For the reader wishing a little bit of everything, this book therefore
succeeds. But it is less impressive at informing in detail about
anything in particular, or about proving its main point. Mr. Berkowitz
does not do enough to explain the individual dots in his argument. And
the connections between them may sometimes be the wrong ones.
Part of the problem with his thesis is that he uses the term
information to encompass too much. He claims that information is the
crucial element in warfare, especially modern warfare, and hence he
seems to place great stock in the modern computer and the Internet. In
effect, however, Mr. Berkowitz places almost everything in warfare
except main combat vehicles under the term information. For him the
word includes the sensors that acquire battlefield data, the
communications systems that move it around, the individuals who assess
it, the military leaders who devise tactics based upon it and even the
broader national strategies used to guide countries in their basic
decisions about when and how to use force.
But by granting the term information such an expansive scope, Mr.
Berkowitz makes his argument fuzzy. What are the implications of his
thesis, if the role of information in modern warfare includes
everything from spy satellites to the education of commanders to the
global communications systems carrying data around the world to the
computers processing the raw bits and bytes?
If his chief point is simply to claim that all of these things matter
even more than in the past, and that the sexy performance parameters
of traditional weapons like tanks and aircraft matter at least
somewhat less, he is probably right. And that conclusion is important.
But it is neither particularly original nor quite as radical a thesis
as he seems to want to claim for his book.
Take one specific example: the performance of coalition forces in
Desert Storm in 1991. Mr. Berkowitz heralds this conflict as the
dawning of the age of information in warfare, writing that
"information technology has become so important in defining military
power that it overwhelms almost everything else." Among the major
manifestations of this new reality were the United States-led
coalition's ability to use precision weapons, its possession of
satellite guidance systems for many troops on the ground (if not yet
for bombs themselves), and its ability to carry out the famous "left
hook" maneuver so decisively against Saddam Hussein's forces because
Iraq did not enjoy similar information capabilities.

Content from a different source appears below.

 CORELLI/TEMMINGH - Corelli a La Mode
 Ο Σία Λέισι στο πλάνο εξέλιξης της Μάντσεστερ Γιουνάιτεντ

There are two big problems with this claim, however. First, despite
another 12 years of improvements in our information warfare
capabilities that Mr. Berkowitz chronicles and raves about, and
despite the relative dearth of modern information systems within Iraqi
society and armed forces, the recent war highlighted other aspects of
American military excellence just as much as information systems and
high technology.
Specifically, the performance of special operations forces in the
war's early hours and days, as well as the skill of American and
British ground forces in the urban battles of the war's latter phases,
were perhaps the most exceptional aspects of an impressive campaign.
Airpower played an important role, as did modern information and
communications systems, but they were perhaps less dominant than in
the country's previous wars.
That is not to knock technology or the personnel flying our airplanes
and operating our command and control networks; it is a reflection
that every war is different from its predecessors, and that
traditional combat skills still matter a great deal. But Mr.
Berkowitz's thesis does not allow much room for such nuance. In the
end he strays uncomfortably close to technophilia and technological
determinism rather than balanced strategic analysis.
Michael O'Hanlon is a senior fellow at the Brookings Institution.